Skip the pictures. Output only the lines below starting at the line with "Camel active Steppjacke" and ending at the line with "Familie Mickley Apartament", both ends included, exactly as they are.

DATA SHOWN:
##############################
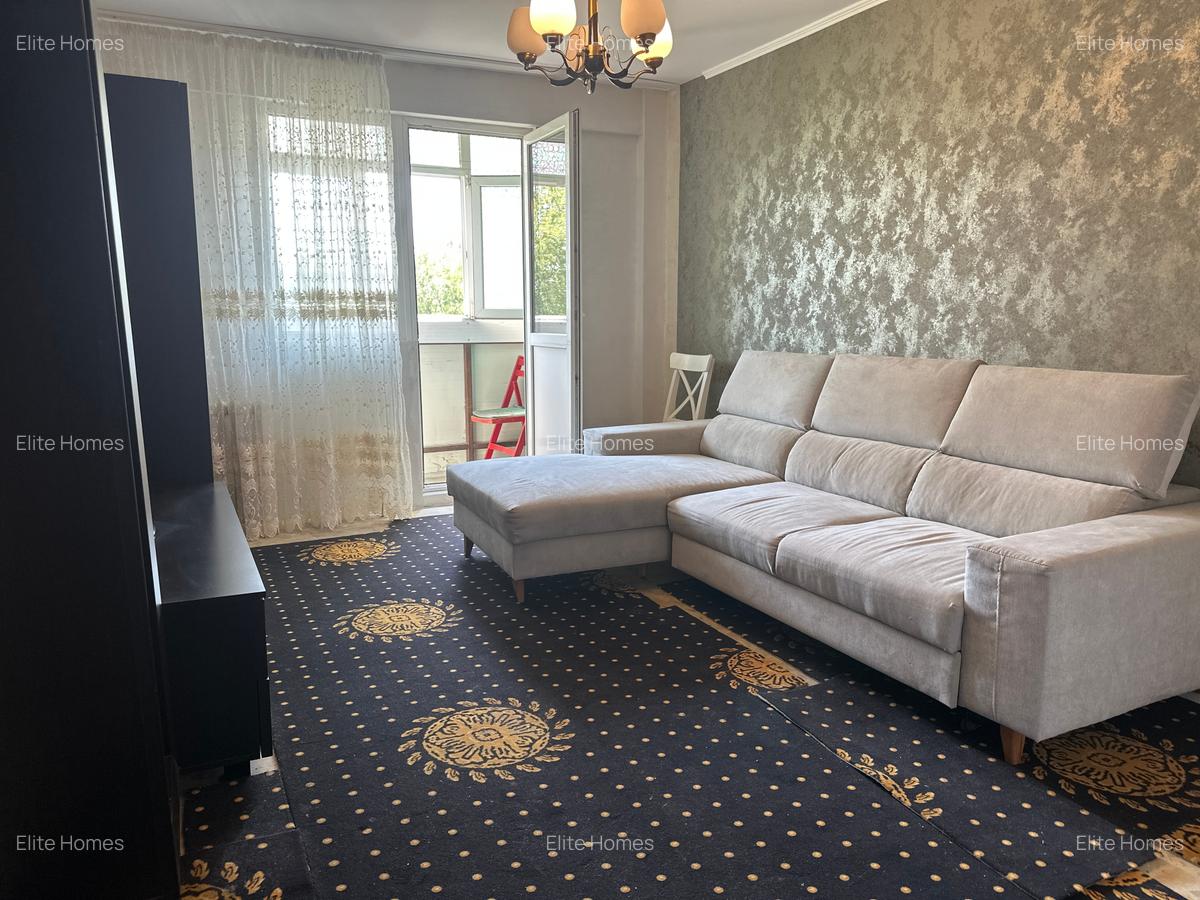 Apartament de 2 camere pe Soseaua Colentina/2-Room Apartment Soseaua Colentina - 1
##############################
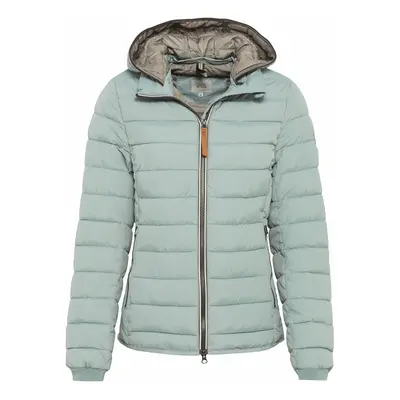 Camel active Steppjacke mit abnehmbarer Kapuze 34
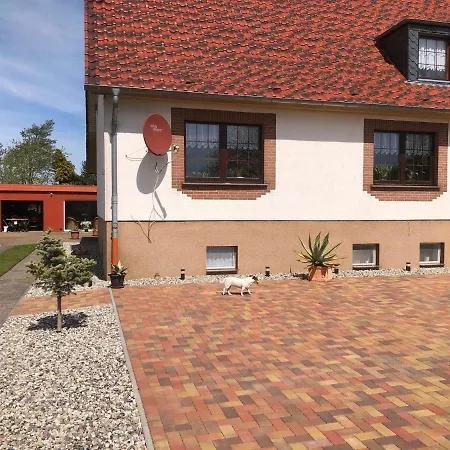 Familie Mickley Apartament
##############################
SOLUTION TO THE PROBLEM:
 Camel active Steppjacke mit abnehmbarer Kapuze 34
 Familie Mickley Apartament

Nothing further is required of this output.